To Be a Child of God

Easter 3 – April 14, 2024

Acts 3:12-19
Psalm 4
1 John 3:1-7
Luke 24:36b-48

To be called a child is not a compliment in our world today. You can even hear it in the children on the playground exclaiming, “I am not a child!” This may be because we associate children with immature and simple thoughts and views of the world. Although I have met children that seem to have more common sense than their parents. But I will leave that thought to ponder what John is saying when he calls us “little children.” This seems to be the opposite of what Paul talks about. Remember he tells us that he gave up childish ways to emphasize to the Christians he wrote to that they must give up the old way they lived for the new way Christ calls them to. For Paul that is the struggle. John takes a different stance on this. For John that has already been done. Through Christ, Christians have been made righteous. There is no work to be done here. 

John may be speaking in contrast here comparing how the people should live instead of how they were. He may be reminding them that their lives were not as God expected. Thus he calls them little children. They are not yet mature in Christ and as yet have not conformed their lives to his. Or, more likely, John truly believes that the hearers of this sermon are sinless – not by their own accord but by the suffering of Jesus. If that is so, calling them little children is to indicate to them who they are to listen to and obey – God the father. 

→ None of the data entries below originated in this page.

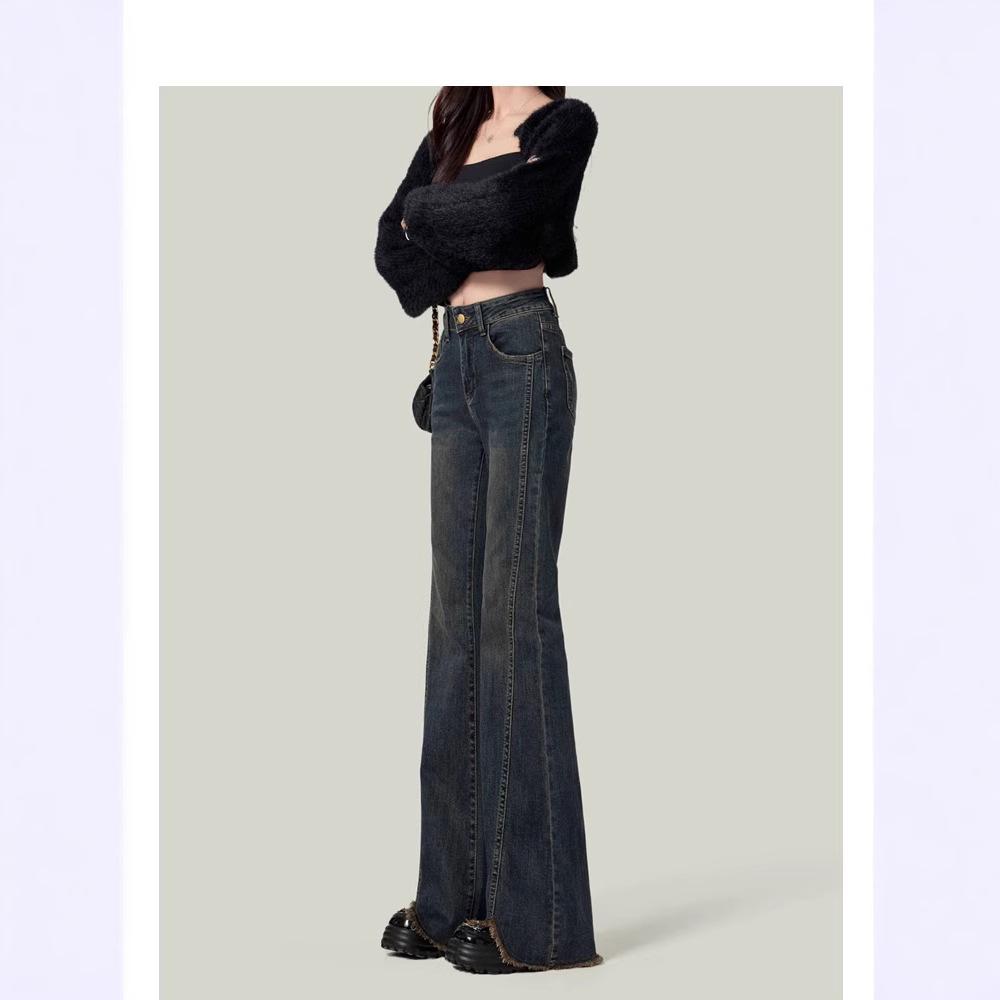 Women's Black High-Waisted Micro-Flare Jeans - 2024 Autumn/Winter Slimming Bell Bottom Pants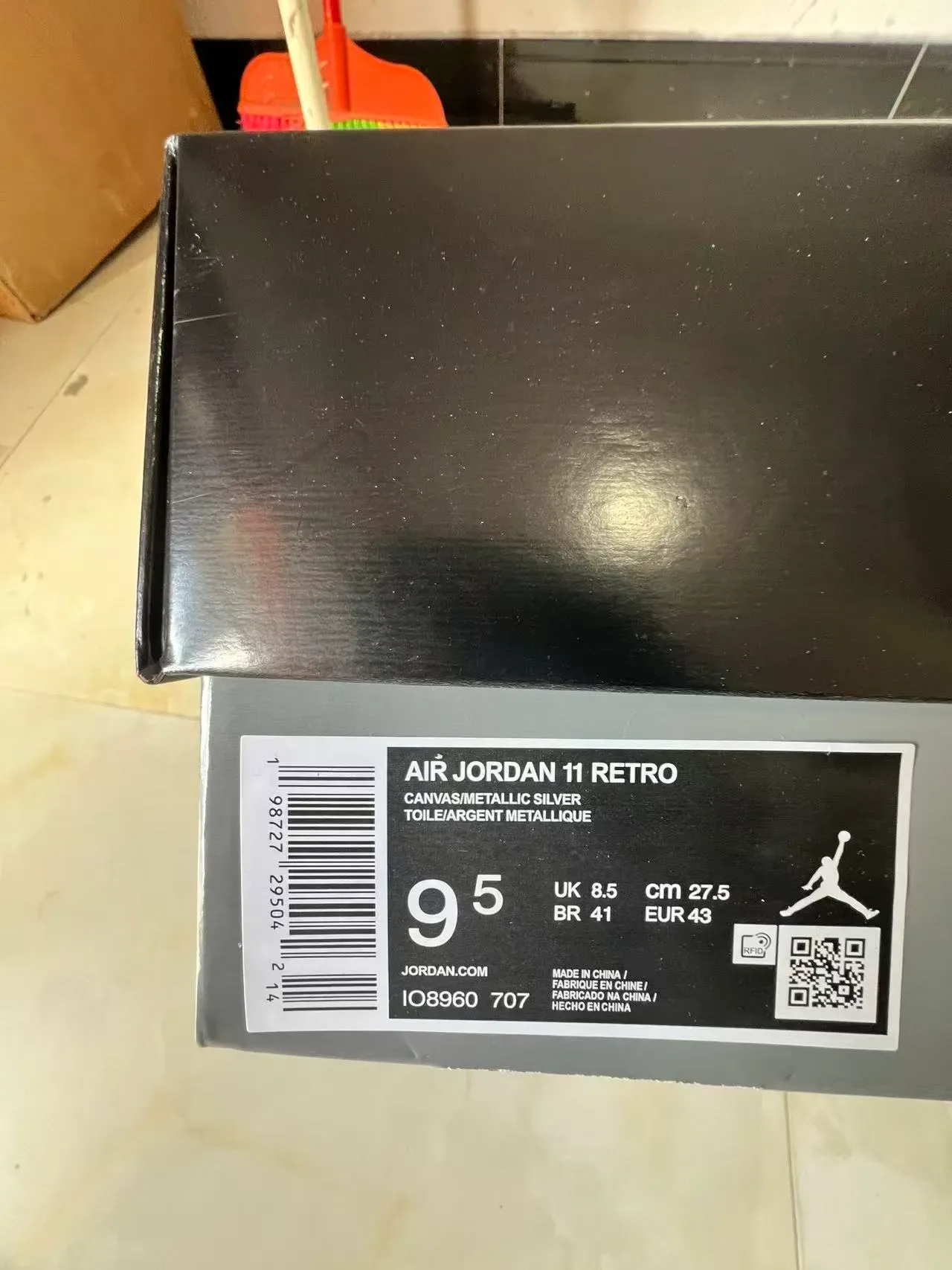 Air Jordan 11 Tan e Ice Blue Tênis de Basquete 10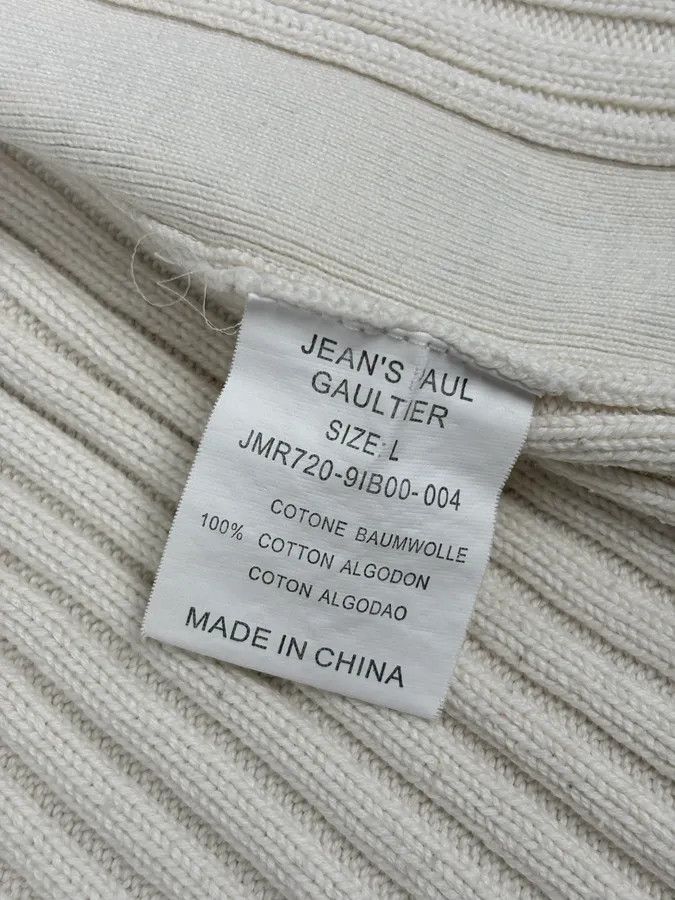 Jean Paul Gaultier 2000s Jean Paul Gaultier Cream Cotton Ribbed Zip-up Sweater Size US M / EU 48-50 / 2 - 11 Thumbnail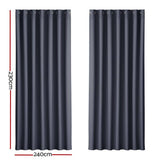 Darrahopens Home & Garden > Curtains Artiss 2X Blockout Curtains Blackout Window Curtain Eyelet 240x230cm Charcoal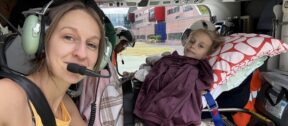 Verity and her Mum in the helicopter, during the transfer.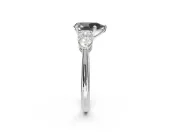 Pear-Shaped Three-Stone Ring Setting for a Black Center | Pear Side Stones | Sterling Silver
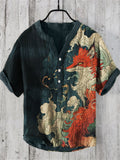 Men's Mythical Fox Japanese Art Linen Shirt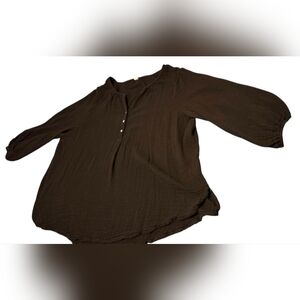 Old Navy Women's BLACK Split-Neck Crinkle Gauze Top Sz XXL Made India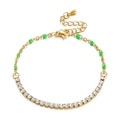 Gold finish tennis bracelet featuring green beads and sparkling zircon stones for women - Green (KB155303-Z)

That might be part of the reason people do not like to be called children. They do not want another telling them what to do. Although in reality many do. Think about peer pressure, those who use psychics, the prevalence of advisors of all kinds advertised on television, and those who seem to want an authoritarian figure for a leader of their country. While saying we do not want to be told what to do we are often so afraid of making the wrong choice and becoming the laughing stock of our neighbors, we allow someone else to do the deciding. That is where the early Christians had the advantage. They were already the laughing stock of their neighbors. Why would anyone follow someone who died on the cross – belittled and humiliated? Actually that may be what attracted those first Christians. They themselves grew up poor and were treated as the dust of society. They saw Jesus as the God who understood them. 

Unlike the Jews of our story in Acts who thought they knew God’s will, John’s listeners realized that they did not have it all worked out. For them life was hard and chaotic. With Jesus they had been called into a community of support and love. To be little children also means to be part of a family – God’s family. Together they would be able to live as sisters and brothers of Jesus. Together they showed the forgiveness and saving help of Jesus’ life, death, and resurrection. 

Yes, little children, you have been called into the family of God, made sinless by the waters of Baptism, and fed at this holy table strengthened to proclaim the love of God to a troubled world. Share the gifts that God has given you and proclaim that Christ is Risen for them.